With the Republican Party having already held its South Carolina primary a week earlier on February 20, the Democratic primary in South Carolina was the only presidential primary on that day.

Debates and forums

November 2015 forum in Rock Hill

Rachel Maddow was selected to moderate the First in the South Candidates Forum with Hillary Clinton, Bernie Sanders, and Martin O'Malley, which was held at Winthrop University in Rock Hill, South Carolina, on November 6, co-sponsored by the Democratic Parties of 13 southern states. The forum was not in debate format; instead, each candidate was interviewed individually and sequentially. Lincoln Chafee and Jim Webb were also invited, but their campaigns never responded to the invitations, and both have since withdrawn from the race.
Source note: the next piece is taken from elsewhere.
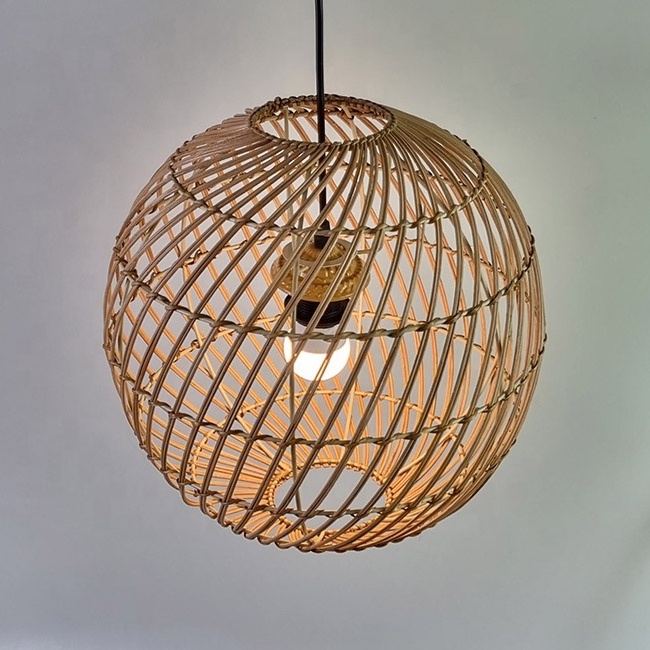 High Quality Vintage Ceiling Lamp Bamboo Chandelier Modern Rattan Lantern Handmade Rattan Lampshade Pendant Lamp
A Public Policy Poll of South Carolina Democratic voters conducted from November 7–8, after the forum, discovered that 67% of viewers thought Clinton won the forum, 16% thought Sanders won, and 6% thought O'Malley won, with 11% unsure.

January 2016 debate in Charleston, South Carolina

On January 17, 2016, the Democratic Party held a fourth debate at the Gaillard Center in Charleston, South Carolina. Hosted by Lester Holt and Andrea Mitchell, the debate aired on NBC News and was streamed on YouTube. It was also sponsored by the Congressional Black Caucus. It was notable as being the final debate before the start of precinct caucuses and primary voting. Participants were Hillary Clinton, Bernie Sanders, and Martin O'Malley. It was the final debate appearance of O'Malley, who suspended his campaign on February 1.
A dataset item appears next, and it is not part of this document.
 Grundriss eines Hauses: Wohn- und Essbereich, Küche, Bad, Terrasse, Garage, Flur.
Both before and after the debate, commentators said the debate was focused on Sanders and his voting record on gun control and slights against President Obama, among other issues. During the debate, O'Malley interrupted to take 30 seconds to talk about "homeland security and preparedness". Also during the debate, Clinton and Sanders had some back-and-forth exchanges to define themselves on Wall Street, foreign policy, and gun control.

Opinion polling

Delegate count: 53 Pledged, 6 Unpledged
Winner  Hillary Clinton 
Primary date 27 February 2016

Results

Results by county
Clinton won every county.

Delegates: The South Carolina Democratic Party - State Election Results

Analysis 
As South Carolina's majority-black Democratic electorate had dealt a severe death-blow to Clinton's 2008 presidential effort against Barack Obama, it gave her campaign new life in 2016. Clinton won the primary in a 47-point routing thanks to ardent support from African American voters. According to exit polls, Clinton won the black vote 86-14, which comprised 61% of the Democratic electorate in the Palmetto State; she won among black women 89-11 who comprised 37% of the electorate. Clinton's near-unanimous support from black voters was fueled by their interest in a continuation of President Obama's policies, and by black women who wanted to see a woman elected.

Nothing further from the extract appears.